The key insight: “Distill the process to the places where you need to optimize. Think like engineers—what are the exact places I absolutely have to optimize?”
Brand Extraction: Prompt Engineering at Scale
Toledano’s second example was brand detection in AI Overviews. The problem: 33% of search queries now show AI Overviews. That’s 100+ million AIO paragraphs to process. At roughly 1,000 tokens per AIO, that’s 100 billion tokens just to extract brands—prohibitively expensive.
They started with the strongest LLM, which performed excellently. It correctly identified that “Pink Lady” was the only brand in a list of apple varieties—the others were just varieties, not brands. Hard to break.
Then they tested cheaper models with the same prompt. The problem: the “smart student” LLM gave more than asked—brands plus models, when they only wanted brands.
The solution was iterative prompt optimization. They used Gemini to improve prompts for the cheaper model: “Improve this prompt for this model to achieve these results. Here’s what it failed on. Here’s what I want.” Repeat until accuracy matches, then evaluate cost. If still too expensive, downgrade further and repeat.
Key tactics for prompt engineering with cheaper models: be more specific (which costs more tokens, so there’s a balance), use few-shot examples (“isolate parent brand—if product contains ‘Adobe Acrobat,’ extract only ‘Adobe'”), and specify exact output format to prevent the model from adding unwanted information.
The result: they achieved acceptable accuracy using a model 12x cheaper than the original.
Clickstream as Compass
Toledano closed with clickstream data, which he called “your best view to what’s happening in reality.” At both micro and macro levels, clickstream reveals which AI models are actually being adopted (regardless of what headlines say), how interaction modalities are changing (uploads, file attachments), and where conversions actually happen.
The challenge is representation. An ideal panel would perfectly represent the population—multiply by 10 and you’d have ground truth. Reality is messier: some interests are over-represented, others under-represented.

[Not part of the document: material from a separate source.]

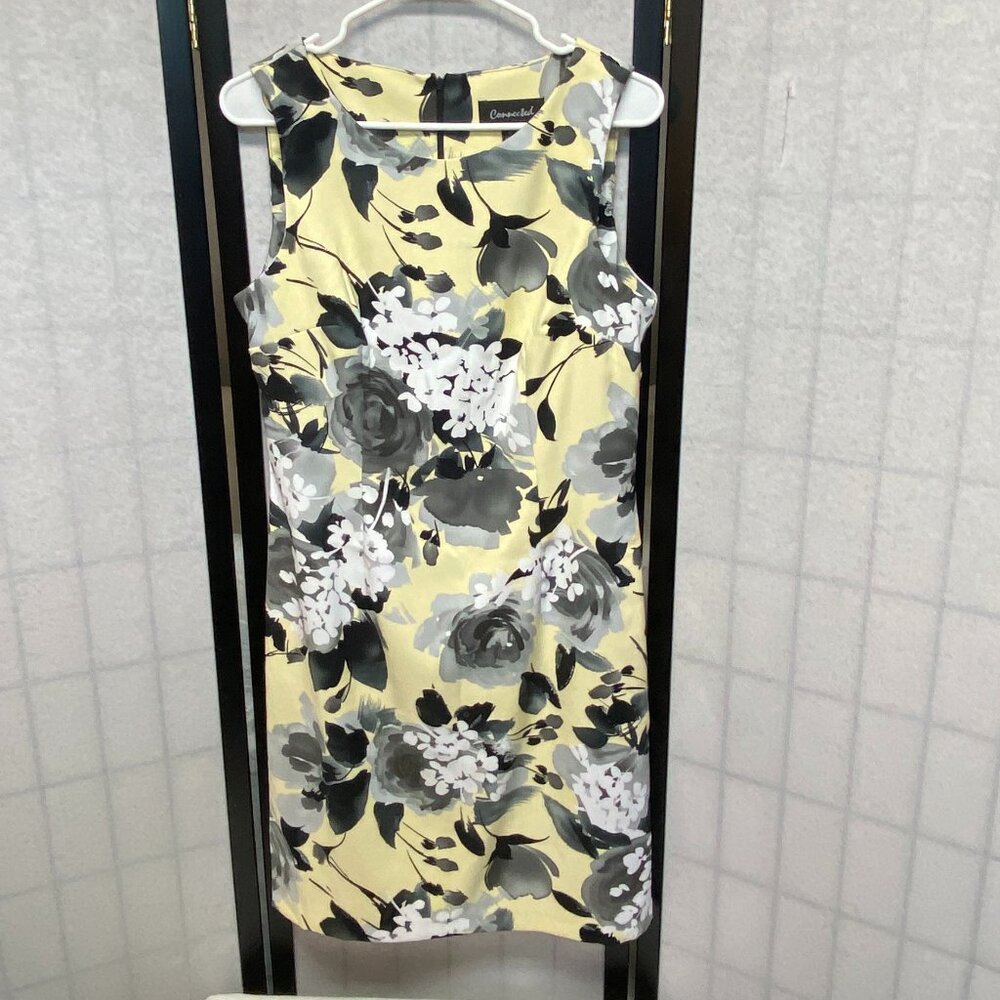 Connected Apparel Floral Sheath Dress Pale Yellow Grey Sleeveless Fitted 12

SimilarWeb addresses this with weighted contribution by topic, following users along their entire path. The principles of triangulation and validation apply here too—no single data source tells the whole story.
My Takeaways
Toledano’s talk was the most infrastructure-focused of the conference. While most speakers addressed what to do, he addressed how the tools we rely on actually work—and what principles should guide building our own.
What I’m taking away:
1. Triangulate everything. No single data source is trustworthy alone. Validate across multiple sources, including real user behavior.

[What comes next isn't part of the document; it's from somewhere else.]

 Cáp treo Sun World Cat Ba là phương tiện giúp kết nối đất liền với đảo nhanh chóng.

2. Before using LLMs, ask if you need them. Test feasibility with the best model first. If it can’t solve the problem, LLM might not be the answer. If it can, you have a truth baseline—but you probably can’t afford it at scale.
3. Distill to the optimization points. Think like an engineer: what are the exact places that need optimization? Often you can use embeddings and simple classifiers instead of full language models.
4. Cheaper models need better prompts. There’s a relationship between model quality and prompt specificity. Weaker models need more explicit instructions—which costs tokens. Find the balance.
5. Iterate prompt optimization systematically. Use strong LLMs to improve prompts for weaker LLMs. Test, evaluate, adjust, repeat until cost and accuracy align.
6. Clickstream reveals adoption reality. Headlines say one thing; user behavior says another. Clickstream data shows which AI tools people actually use and how.
This talk was a reminder that behind every metric in our SEO tools, there’s engineering decisions about cost, accuracy, and validation. Understanding those trade-offs makes us better consumers of the data—and better builders when we create our own systems.